Peut-on parler d’un meurtre par compassion ou du ras-le-bol ultime d’un fils?
Les prochains mois nous le diront.
Toutefois, on peut dire que j’ai un peu de responsabilité là-dedans. Idem pour tous ses «amis» Facebook, les gens à qui il tentait de partager sa détresse, ses voisins, le gars du dépanneur, la livreuse de journaux et peut-être vous aussi.
Mais c’est surtout de la faute au monde que nous avons choisi. Celui qui, il y a si peu de temps, était constitué de gens qui échangeaient entre eux, au restaurant ou à l’arrêt de bus. Certes, on parlait principalement de météo, mais parfois, c’était une belle porte d’entrée pour de plus grands enjeux.
Les temps changent. On préfère lire des statuts de météo écrits par des amis qui vivent à 500 kilomètres. On a juste changé le mal de place.
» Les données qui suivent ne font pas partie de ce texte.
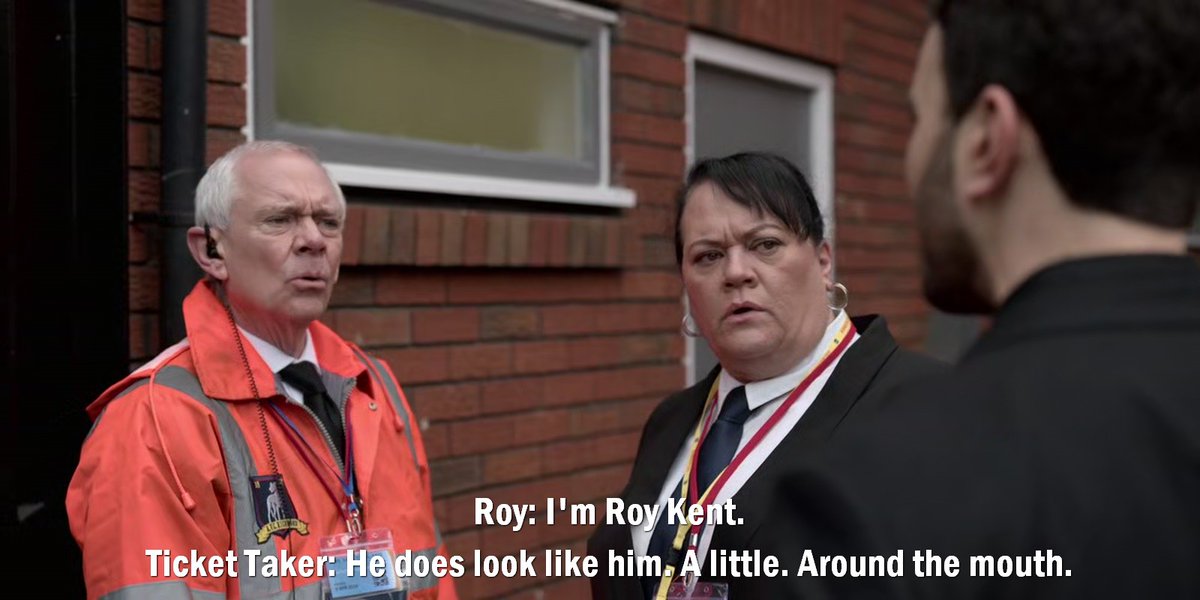 TedLassoism's tweet photo. Roy: I'm Roy Kent. 
Ticket Taker: He does look like him. A little. Around the mouth. 

 Ted Lasso #S02E05
#TedLasso https://t.co/BFPKnyiEao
Et puis, quand quelqu’un écrit à l’aide, on l’ignore comme s’il s’agissait d’une autre pub de bobettes.
On se dit que de toute façon, psychologue, c’est pas notre job.
C’était trop beau comme révolution: en quelques clics, on pouvait avoir accès à des centaines d’amis.
Ce qu’on ne vous avait pas dit, c’est que les oreilles n’étaient pas incluses dans le forfait.
Même que bientôt, on n’en fera plus pour rien. On va juste mettre directement des écouteurs à la place.
T’as tellement raison Joel! Aristote a dit que l’homme est un animal social, qu’il a besoin des autres pour forger son identité. L’individualisme dans lequel nous vivons nous envoie vers l’avenue contraire, à l’opposé des principes aristotélien. Si nous fuyons l’altérité, est-ce que ca veut dire que l’on se dirige vers un suicide identitaire?